[Short web captions]
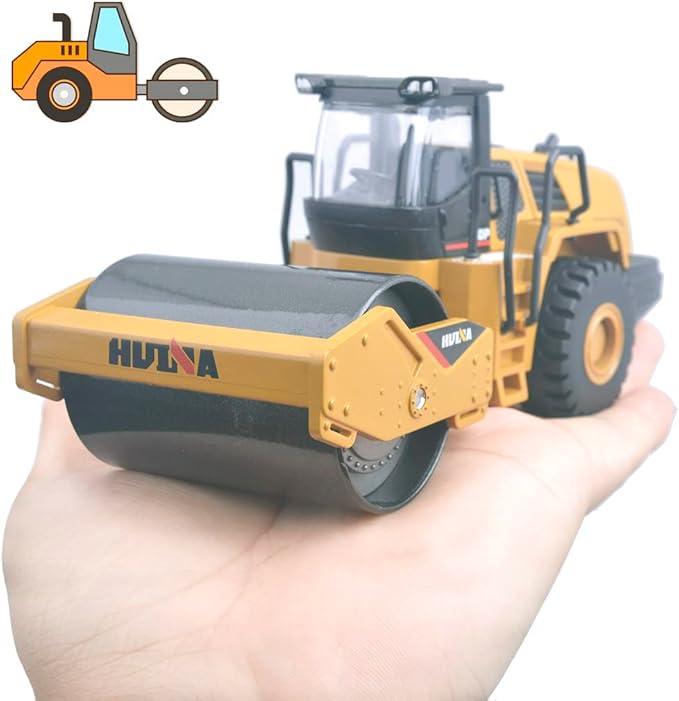 Ailejia 1/50 Scale Diecast Road Roller Toy Models Construction Vehicle Model Grader Engineering Road Planer Vehicle Toys for Kids (Road Roller)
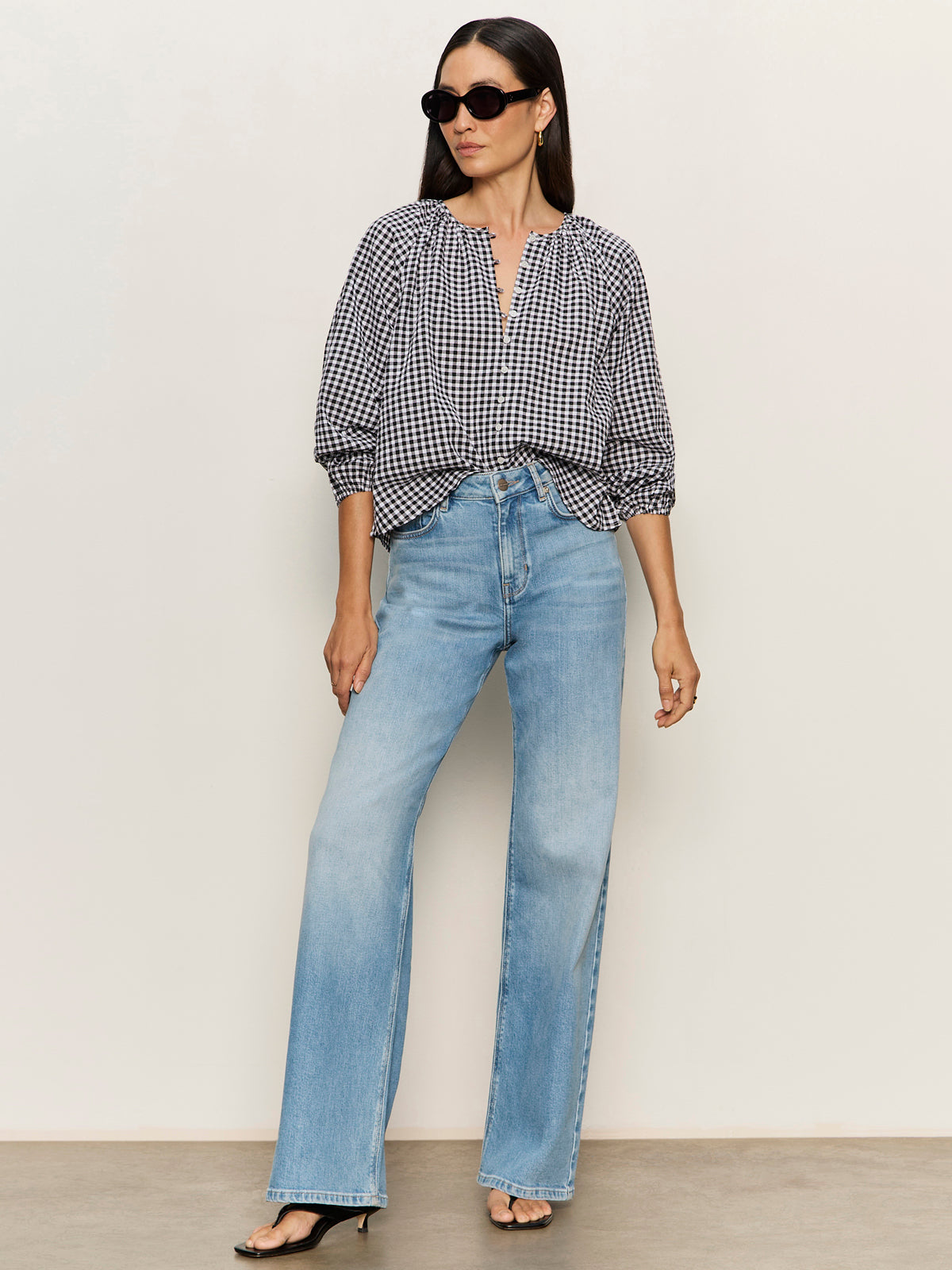 Sanctuary Perfect Gingham Button Blouse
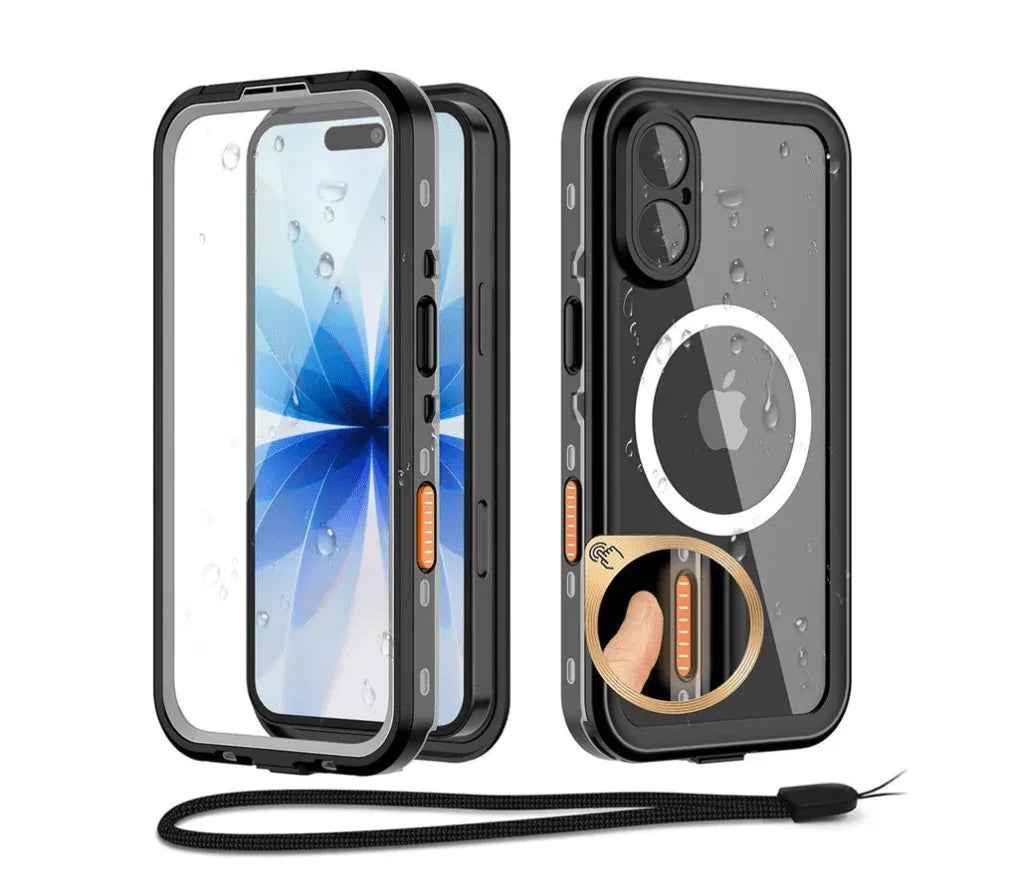 Redpepper waterproof MagSafe case for iPhone 17 by techplus, shockproof mobile phone cover with secure grip and durable design.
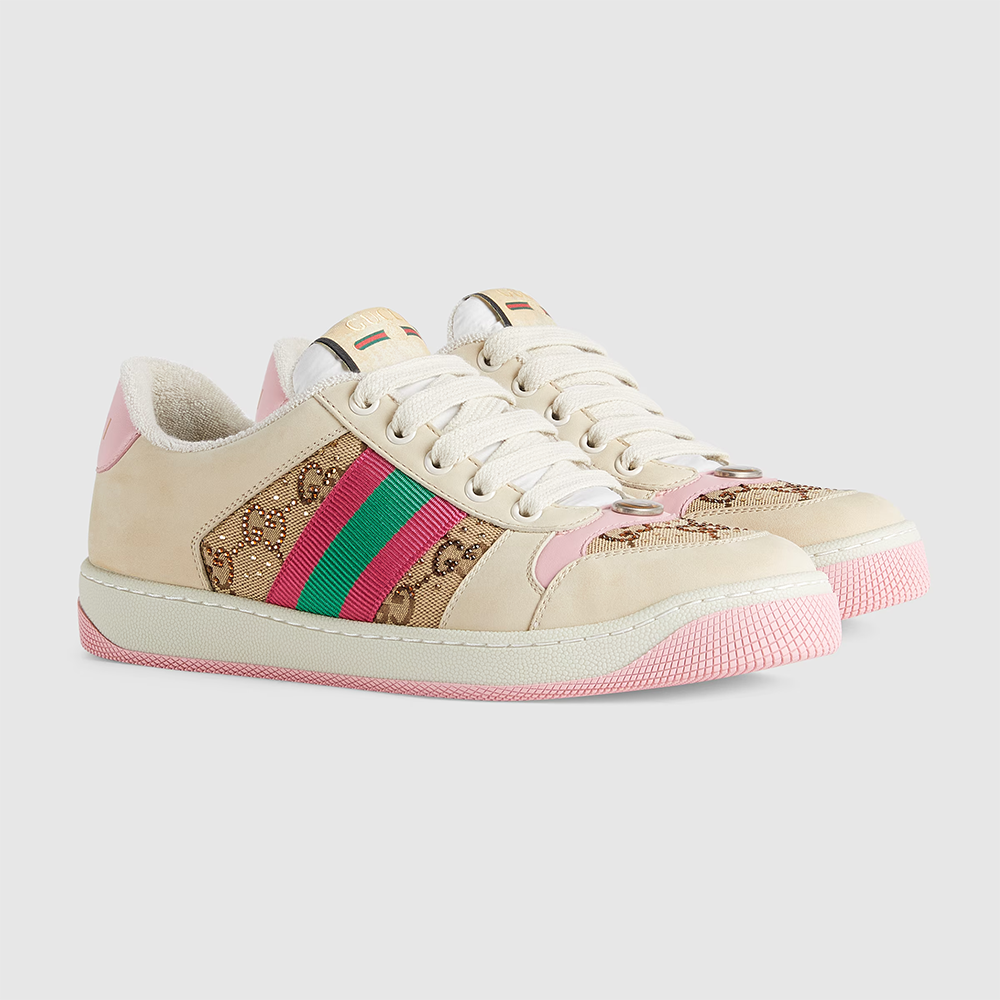 Gucci Pink Screener GG Sneakers-thumb-1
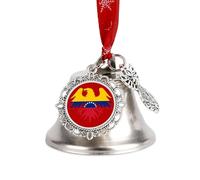 Venezuelan Ea-gles Flag Christmas Jingle Bells Hanging Ornament with Red Rope Pendant Souvenir for Xmas Tree Decoration Wing Bell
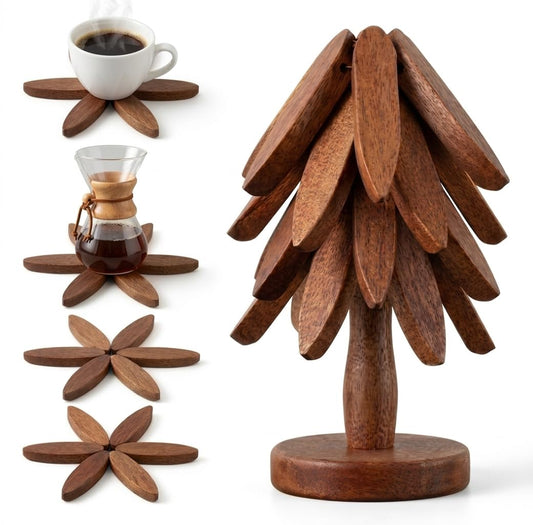 Wooden Trivets for Hot Dishes, Foldable Tree Trivet Set with Stand, 4-Layer Walnut Wood Trivet for Pots, Pans, Coffee & Teapot, Space Saving Table Protector for RV, Decorative Kitchen Decor & Gift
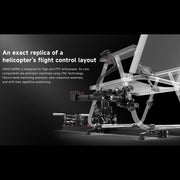h17 helicopter flight simulator controller, 17ch edgetx transmitter with cnc metal frame, collective pitch lever, cyclic stick & foot pedals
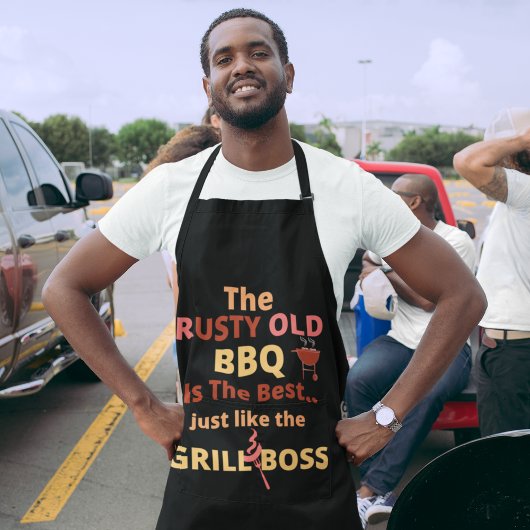 錆びた古いバーベキューは エプロン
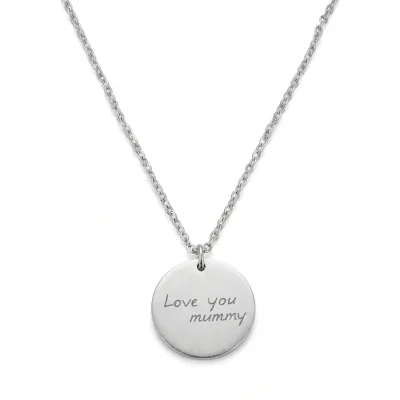 Handwriting Necklace Round Pendant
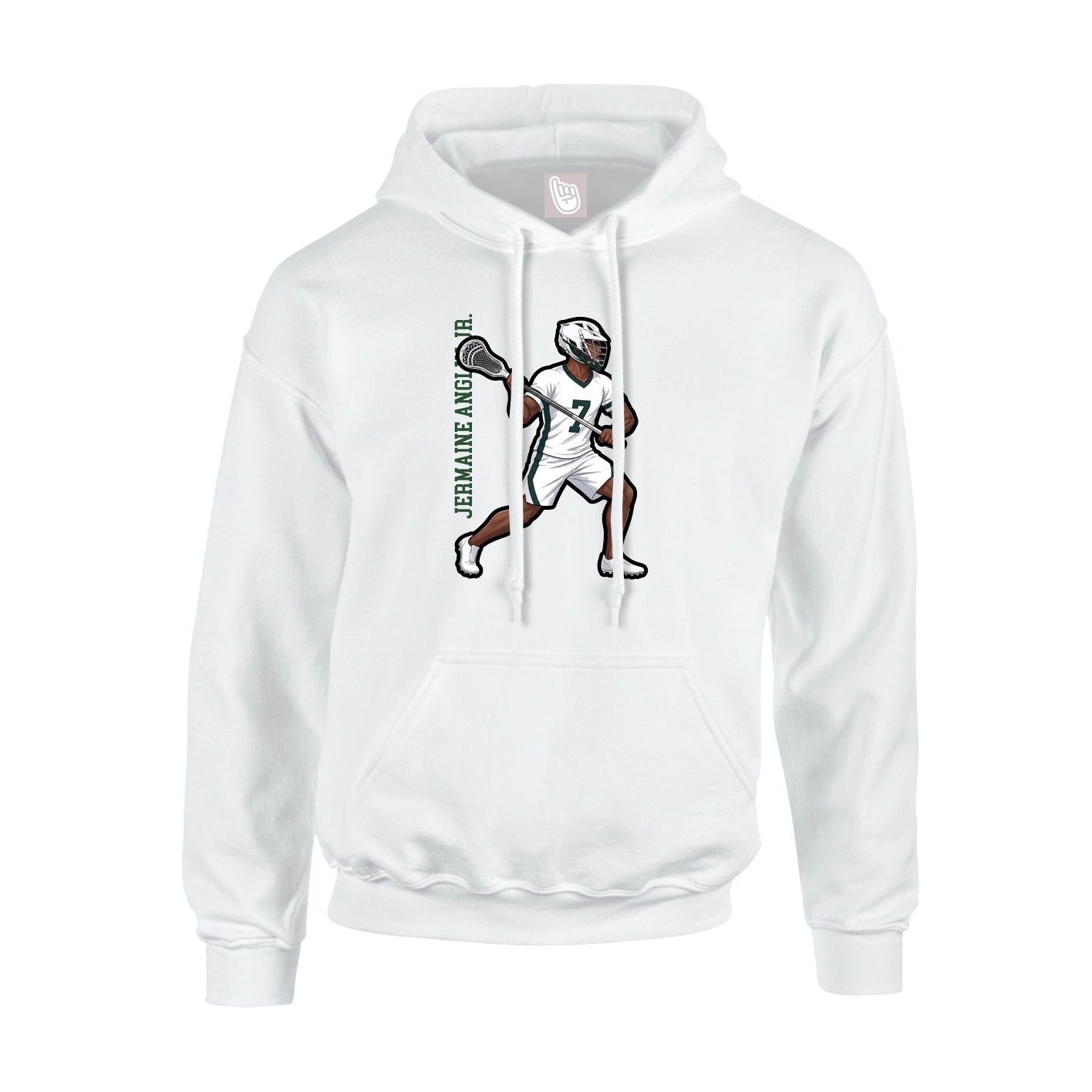 Hoodie — Name Vertical in White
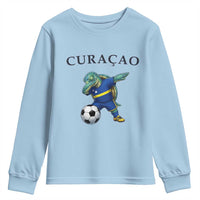 Funny Dabbing Sea Turtle Curaçao Soccer Fan Youth Sweatshirt Caribbean Pride Graphic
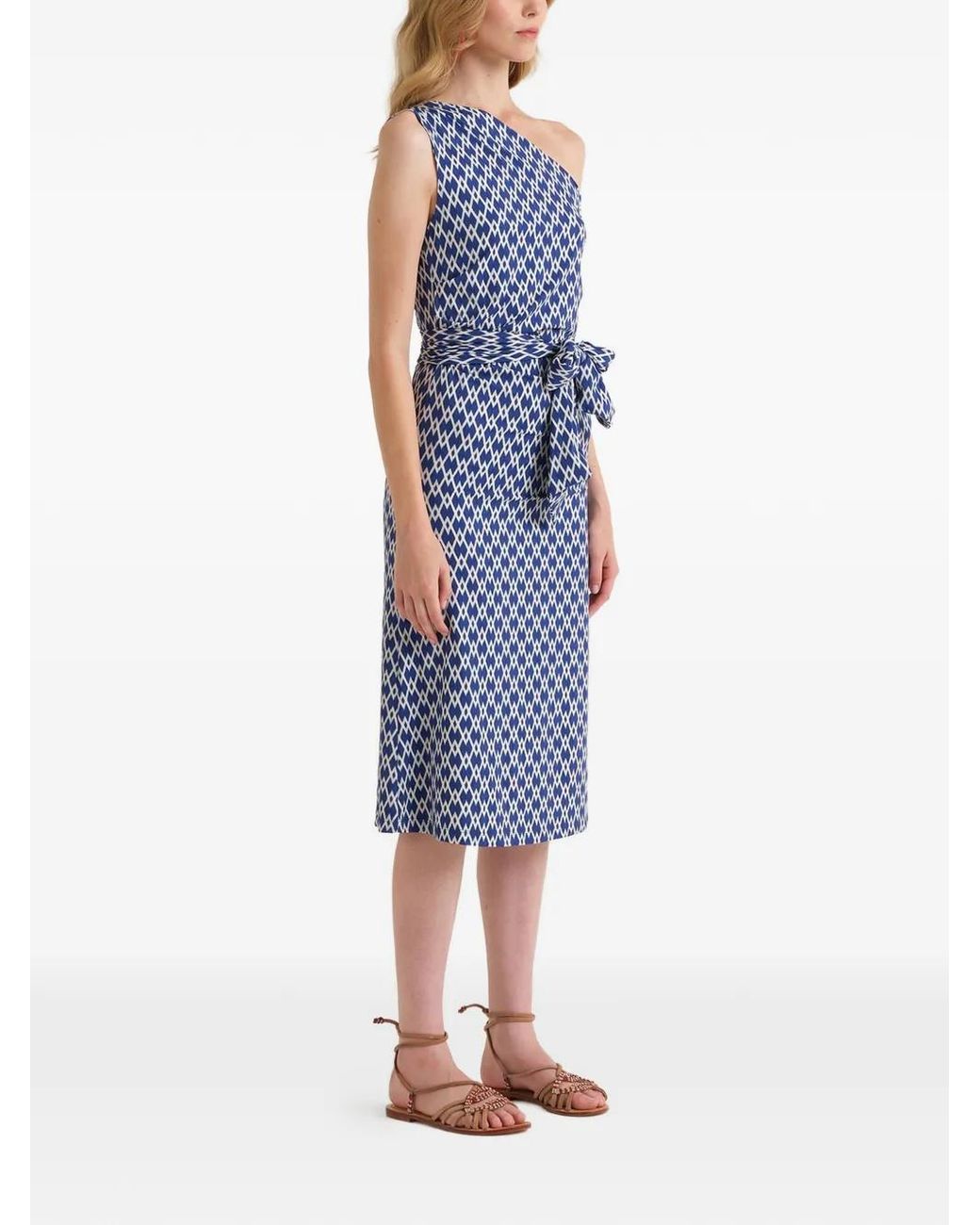Maliparmi Blue Geometric-Pattern Midi Dress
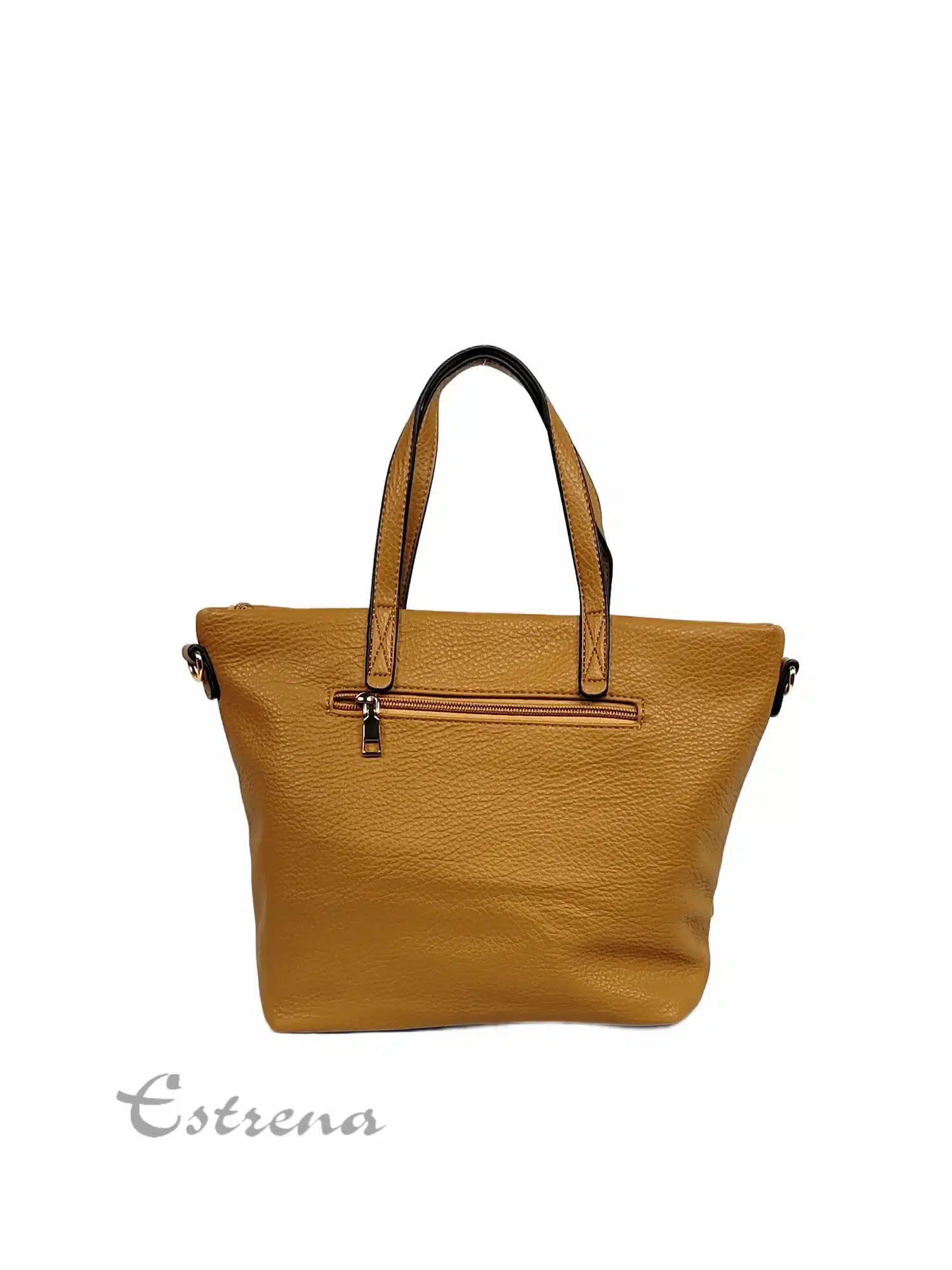 Bolso de asa corta mostaza multibolsillos con monedero integrado - Imagen 2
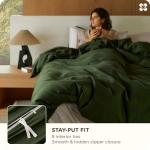 Bedsure Cotton Duvet Cover Queen, 100% GOTS Organic Cotton Duvet Cover Set, Fair Trade Certified Queen Bedding, Eco-Friendly, Ultra-Soft, Breathable Home Bedding for All Seasons(Olive Green, 90"x90")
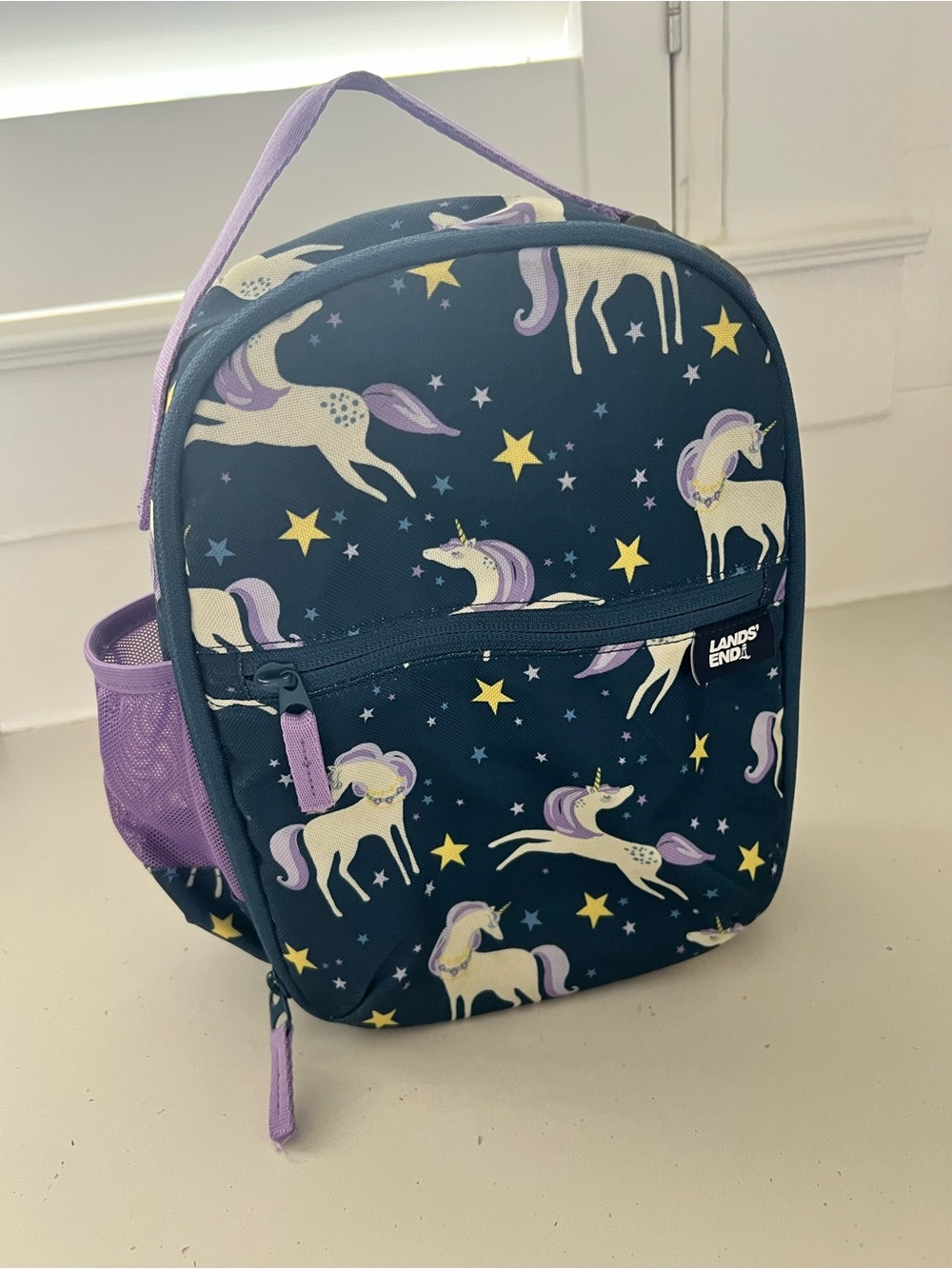 Lands’ End Kids Unicorn Backpack Navy Purple Stars School Bag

* Task statement
Without the pictures, return the whole of the data exactly as given.

* Finished task
 Ailejia 1/50 Scale Diecast Road Roller Toy Models Construction Vehicle Model Grader Engineering Road Planer Vehicle Toys for Kids (Road Roller)
 Sanctuary Perfect Gingham Button Blouse
 Redpepper waterproof MagSafe case for iPhone 17 by techplus, shockproof mobile phone cover with secure grip and durable design.
 Gucci Pink Screener GG Sneakers-thumb-1
 Venezuelan Ea-gles Flag Christmas Jingle Bells Hanging Ornament with Red Rope Pendant Souvenir for Xmas Tree Decoration Wing Bell
 Wooden Trivets for Hot Dishes, Foldable Tree Trivet Set with Stand, 4-Layer Walnut Wood Trivet for Pots, Pans, Coffee & Teapot, Space Saving Table Protector for RV, Decorative Kitchen Decor & Gift
h17 helicopter flight simulator controller, 17ch edgetx transmitter with cnc metal frame, collective pitch lever, cyclic stick & foot pedals
 錆びた古いバーベキューは エプロン
 Handwriting Necklace Round Pendant
 Hoodie — Name Vertical in White
 Funny Dabbing Sea Turtle Curaçao Soccer Fan Youth Sweatshirt Caribbean Pride Graphic
Maliparmi Blue Geometric-Pattern Midi Dress
 Bolso de asa corta mostaza multibolsillos con monedero integrado - Imagen 2
 Bedsure Cotton Duvet Cover Queen, 100% GOTS Organic Cotton Duvet Cover Set, Fair Trade Certified Queen Bedding, Eco-Friendly, Ultra-Soft, Breathable Home Bedding for All Seasons(Olive Green, 90"x90")
 Lands’ End Kids Unicorn Backpack Navy Purple Stars School Bag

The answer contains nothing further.